Would you repeat the listing below exactly, with no pictures in it?

- _Stored data_:
= Beginning of Section =

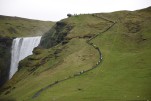 062- J2 (212) montée en haut de la cascade de Skogafoss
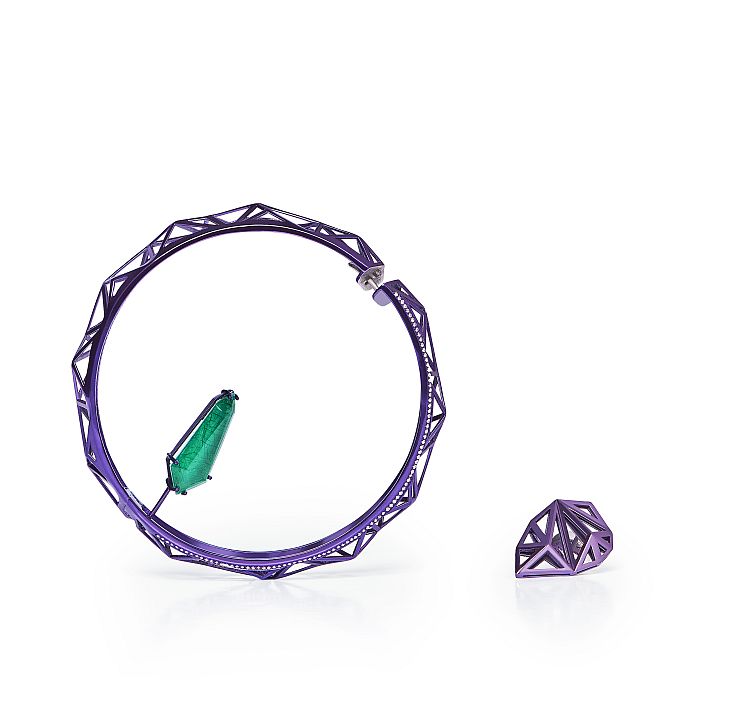 Vmar diamond-set titanium Mariana single hoop with faceted emerald, designed in collaboration with entrepreneur Mariana Wehbe. 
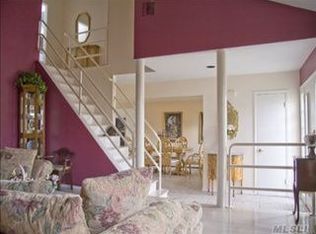 2 Guild Ct, Plainview, NY 11803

= End of Section =

- _Written reply_:
 062- J2 (212) montée en haut de la cascade de Skogafoss
 Vmar diamond-set titanium Mariana single hoop with faceted emerald, designed in collaboration with entrepreneur Mariana Wehbe. 
 2 Guild Ct, Plainview, NY 11803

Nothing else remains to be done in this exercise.